Every shred of his energy and every atom of his being were committed to every part of every step, or step towards a step, that he took, or tried to take.  He’d sweat with the effort even on foggy days and all the color seemed to seep out of his clothes and skin into the evergrey sidewalks to which he seemed anchored.  Only his hair, monochromatic though it was, seemed to reflect the intensity of mental agitation that was going on within him as it burst like a static halo from his overwrought scalp.  Man, that was some crazy hair. 

And that was the Trepidatious Creeper of Geary Boulevard.  He may be coming your way, but you’ve got plenty of advance warning now.

Or have you?  AGHAST UPDATE TIME!  I had hardly finished scrawling the above paean in my notebook and was on my way home from work yet again, as I seem to do almost every time I go to work in the first place.  The 38 dropped me at 12th and I trotted across Geary at the light.  As I came up the curb and turned to the sidewalk, I saw a man running up the block, head down and arms pumping.  His path veered a little from side to side, but not enough to slow him down much or render him a potential threat.  As he - rapidly - approached, I seized upon something about his high-waist pants, tightly belted over a tucked-in short-sleeve poplin button-up.... it was him again, the Trepidatious Creeper, reappearing as if summoned, fleet and in the flesh, running to make that cross-Geary light.  Each foot was pounding that pavement with heedless confidence and then kicking off, launching forward into the void with each eager pace, lamplit sidewalk flashing past beneath him in the autumn gloom.... and his hair, that crazy hair, was much more white than silver now, and he’d shaved it down to a tamed and mannerly nub.  It appears, therefore, to me, that the Trepitatious Creeper has left the boulevard.  Keep your eyes open, he’s on the run!

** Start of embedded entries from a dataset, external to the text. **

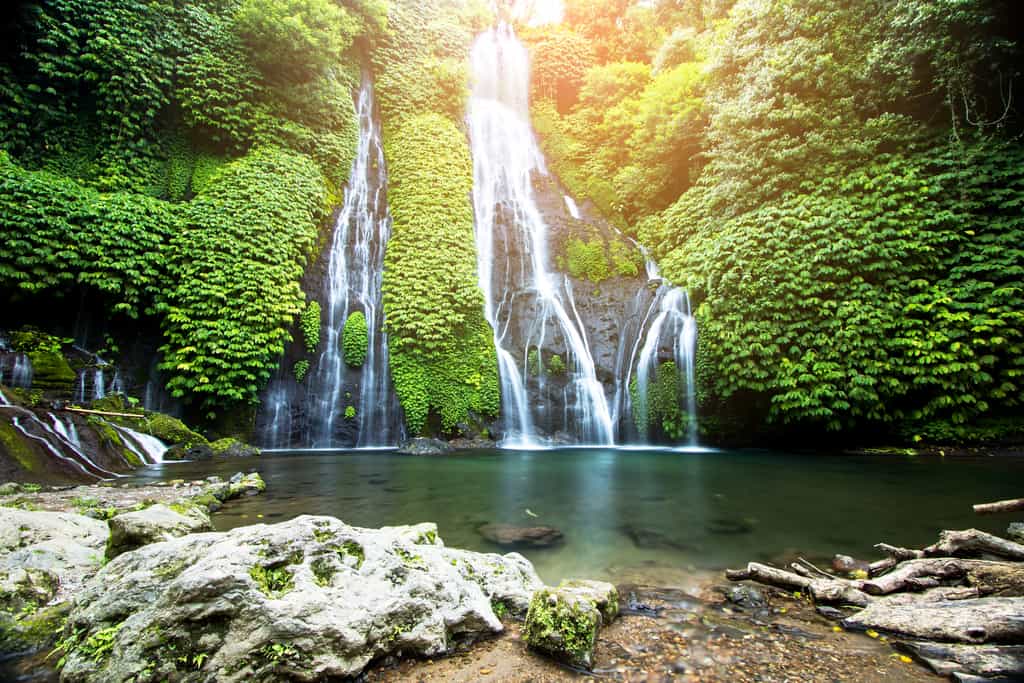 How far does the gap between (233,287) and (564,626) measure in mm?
10704

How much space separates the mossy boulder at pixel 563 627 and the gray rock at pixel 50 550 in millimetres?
2699

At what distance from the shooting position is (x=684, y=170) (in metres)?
15.5

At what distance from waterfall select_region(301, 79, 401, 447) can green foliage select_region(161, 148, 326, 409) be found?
3.57ft

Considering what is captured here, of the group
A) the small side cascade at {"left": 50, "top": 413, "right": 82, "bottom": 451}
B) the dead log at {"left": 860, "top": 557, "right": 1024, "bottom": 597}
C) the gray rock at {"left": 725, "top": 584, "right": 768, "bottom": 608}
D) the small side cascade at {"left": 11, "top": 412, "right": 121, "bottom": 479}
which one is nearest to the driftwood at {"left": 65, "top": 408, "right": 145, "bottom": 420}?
the small side cascade at {"left": 50, "top": 413, "right": 82, "bottom": 451}

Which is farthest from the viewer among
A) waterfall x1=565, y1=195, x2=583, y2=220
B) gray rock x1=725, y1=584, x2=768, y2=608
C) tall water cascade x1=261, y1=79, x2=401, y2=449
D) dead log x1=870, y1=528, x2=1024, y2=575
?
waterfall x1=565, y1=195, x2=583, y2=220

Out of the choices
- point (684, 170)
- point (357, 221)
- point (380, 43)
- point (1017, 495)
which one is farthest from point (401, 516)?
point (380, 43)

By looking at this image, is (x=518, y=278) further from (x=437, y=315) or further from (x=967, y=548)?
(x=967, y=548)

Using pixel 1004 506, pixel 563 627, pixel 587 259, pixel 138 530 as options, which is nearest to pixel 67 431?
pixel 138 530

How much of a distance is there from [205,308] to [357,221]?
17.1 feet

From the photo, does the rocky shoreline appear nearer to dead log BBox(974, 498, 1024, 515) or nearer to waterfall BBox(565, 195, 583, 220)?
dead log BBox(974, 498, 1024, 515)

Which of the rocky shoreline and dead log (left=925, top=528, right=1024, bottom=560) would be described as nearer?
the rocky shoreline

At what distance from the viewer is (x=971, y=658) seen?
202cm

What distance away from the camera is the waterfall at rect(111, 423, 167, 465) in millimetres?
7691

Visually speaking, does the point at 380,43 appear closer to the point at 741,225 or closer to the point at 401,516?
the point at 741,225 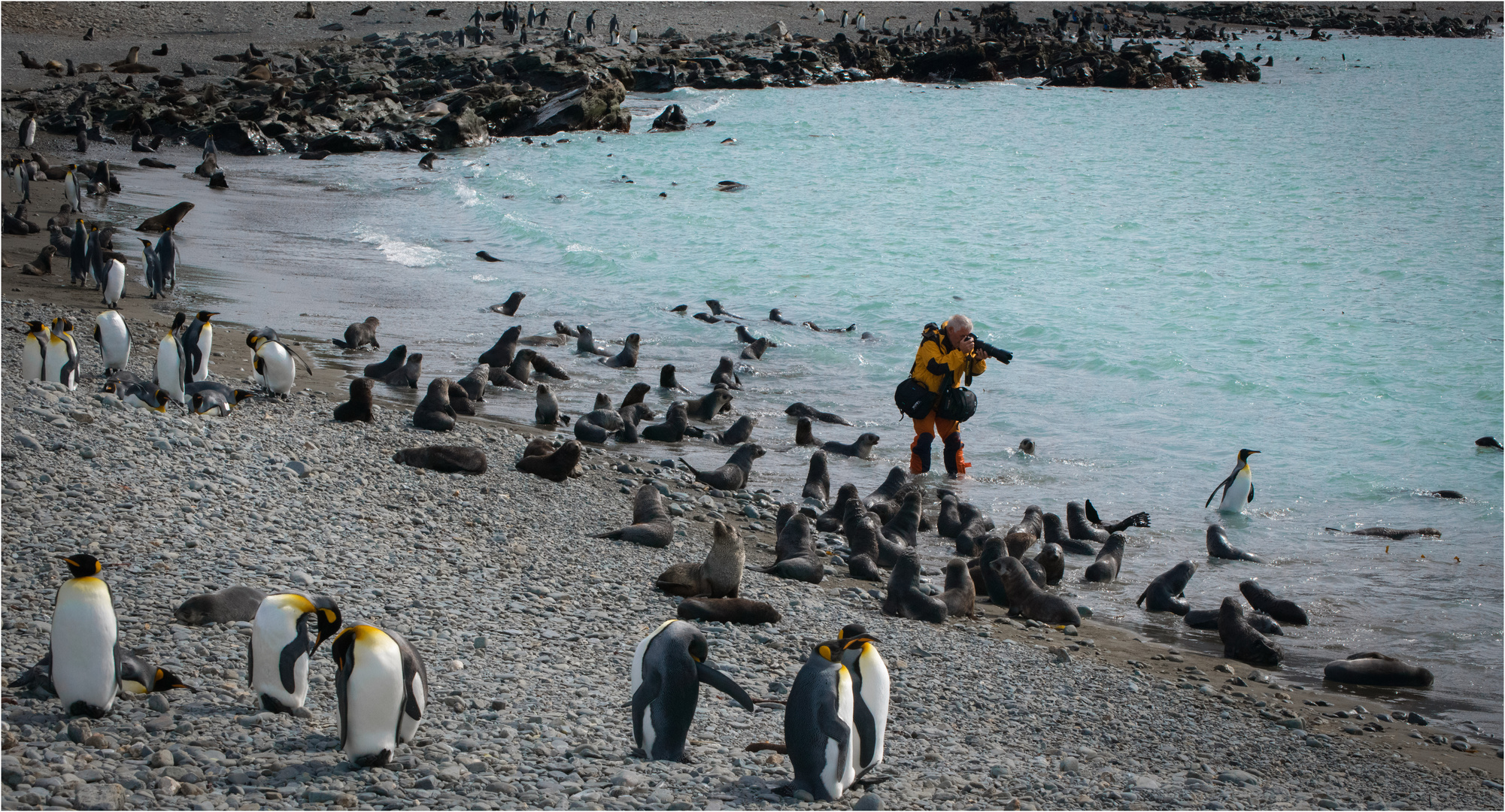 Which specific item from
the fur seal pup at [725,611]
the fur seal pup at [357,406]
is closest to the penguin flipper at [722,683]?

AGHAST UPDATE THE SECOND: And even as the one was summoned, were they both; and lo, tho one appeared before me, so it was with both of them.  Like catching a 90-year-old blind arthritic deer in your headlights, I was heading out a few days ago for some family fun (family included, supply your own fun) when who appeared right in front of our vehicle but the Gropester himself.  He stood curved like a beseeching hand in the middle of Anza Street, crossing at 16th Avenue with the help of a woman who seemed to be having a difficult time of it.  The Groper was rigid and motionless, frozen stiff with terror and disorientation as traffic backed up patiently on all four sides of the intersection.  We were in front (westbound) and therefore had an unimpeded view of the conflicts within and without.  The old man’s pants were rolled at the cuffs and he looked stricken, abandoned, lost in the middle of a wilderness of roaring cars and receding curbs, as if there wasn’t someone standing helplessly at his elbow trying to help him.  His helper looked anxious, using eloquent body language that was clearly illegible to him, consequently forced then to lay hands on him to urge him forward to the sidewalk twenty feet ahead, a goal to which he appeared unaccountably but very actively resistant.  I couldn’t help but notice how close her face was to his, and how she strained to remain blind to so much of what I knew she was unable to avoid seeing.